## Hands-On Example: Applying What You've Learned

In this notebook, you will apply the concepts covered in the previous sessions, including:

1. Understanding the Huggingface Ecosystem
2. Working with Transformer models
3. Implementing Tokenization and Embeddings
4. Utilizing a pre-trained model for a NLP task

### Objective:

Fine-tune a pre-trained Transformer model (e.g., BERT) on a text classification task (sentiment analysis using the IMDB dataset). During this exercise, you will:
- Load and preprocess the dataset.
- Tokenize the input data.
- Apply a pre-trained model to extract embeddings.
- Fine-tune the model using memory-efficient techniques.

Let's get started!

In [1]:
# Import necessary libraries
from transformers import AutoTokenizer, AutoModelForSequenceClassification, TrainingArguments, Trainer
from datasets import load_dataset
import torch

## Load and Explore the Dataset

We will use the IMDB dataset for binary sentiment classification. The goal is to classify movie reviews as positive or negative.

In [2]:
# Load the IMDB dataset
dataset = load_dataset("/leonardo_scratch/fast/EUHPC_D20_063/huggingface/datasets/stanfordnlp--imdb")

# Display a sample from the dataset
print("Sample from the IMDB dataset:", dataset['train'][0])

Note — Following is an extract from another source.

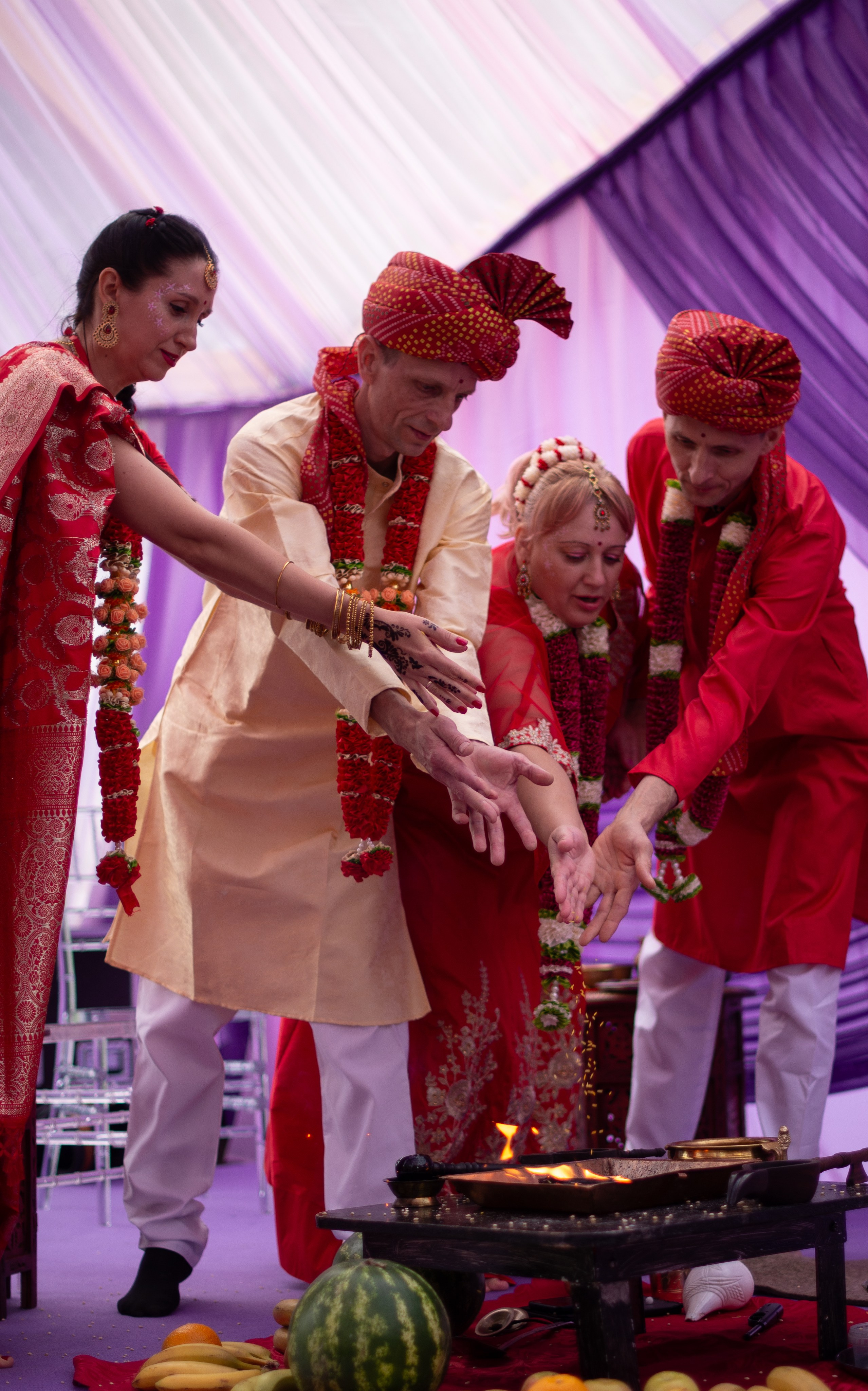 Свадьба в ведической традиции на фестивале День Индии 2025. Victoria Radjevna Репортажный Фотограф — Видеограф Москва • Санкт-Петербург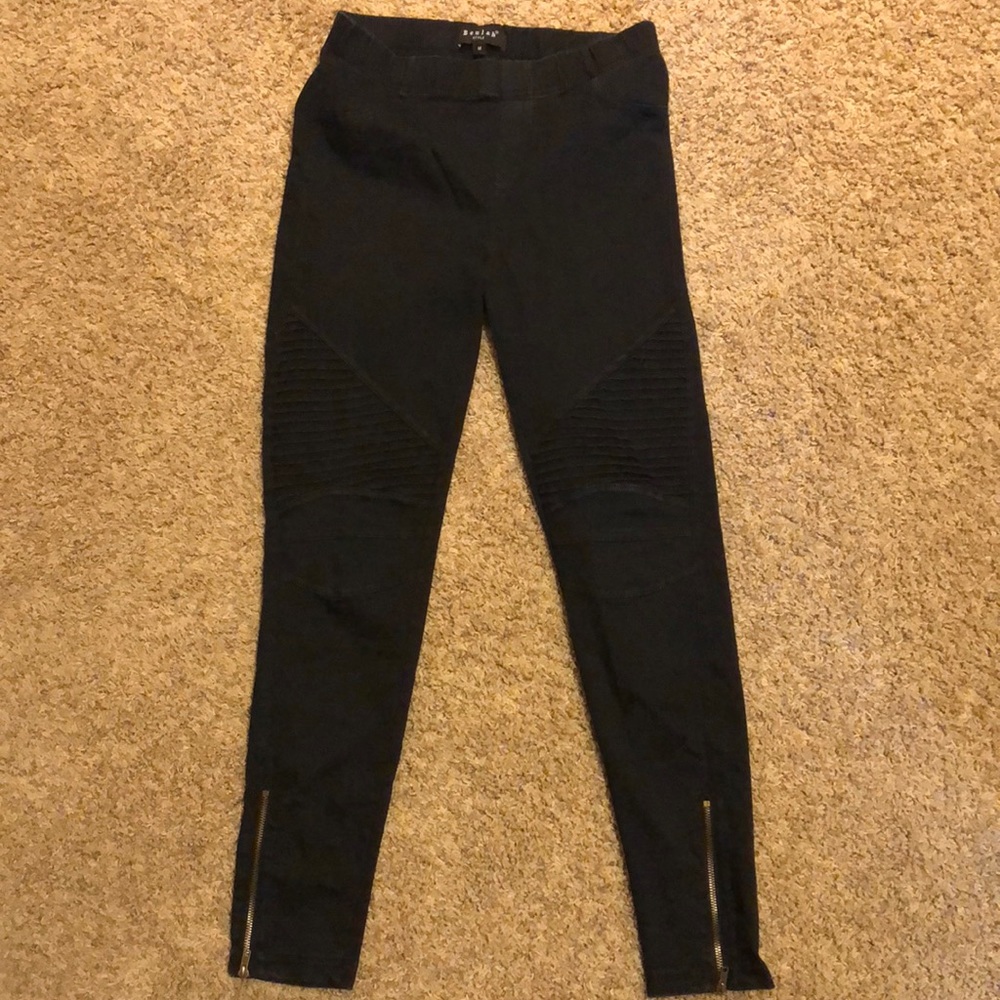 Size medium black Beulah Style pants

Sample from the IMDB dataset: {'text': 'I rented I AM CURIOUS-YELLOW from my video store because of all the controversy that surrounded it when it was first released in 1967. I also heard that at first it was seized by U.S. customs if it ever tried to enter this country, therefore being a fan of films considered "controversial" I really had to see this for myself.<br /><br />The plot is centered around a young Swedish drama student named Lena who wants to learn everything she can about life. In particular she wants to focus her attentions to making some sort of documentary on what the average Swede thought about certain political issues such as the Vietnam War and race issues in the United States. In between asking politicians and ordinary denizens of Stockholm about their opinions on politics, she has sex with her drama teacher, classmates, and married men.<br /><br />What kills me about I AM CURIOUS-YELLOW is that 40 years ago, this was considered pornographic. Really, the sex and nu

## Tokenize the Data

Use a pre-trained tokenizer to convert the text data into token IDs that the model can understand. We will use the BERT tokenizer for this exercise.

In [3]:
# Load a pre-trained tokenizer
tokenizer = AutoTokenizer.from_pretrained("/leonardo_scratch/fast/EUHPC_D20_063/huggingface/models/google--bert-base-uncased")

# Define a function to tokenize the dataset
def tokenize_function(examples):
    return tokenizer(examples["text"], padding="max_length", truncation=True, max_length=128)

# Apply tokenization to the dataset
tokenized_datasets = dataset.map(tokenize_function, batched=True)

# Set the format for PyTorch
tokenized_datasets.set_format(type='torch', columns=['input_ids', 'attention_mask', 'label'])

## Load a Pre-trained Model

Now, let's load a pre-trained BERT model for sequence classification. This model will be fine-tuned on the IMDB dataset.

In [4]:
# Load a pre-trained model for sequence classification
model = AutoModelForSequenceClassification.from_pretrained("/leonardo_scratch/fast/EUHPC_D20_063/huggingface/models/google--bert-base-uncased", num_labels=2)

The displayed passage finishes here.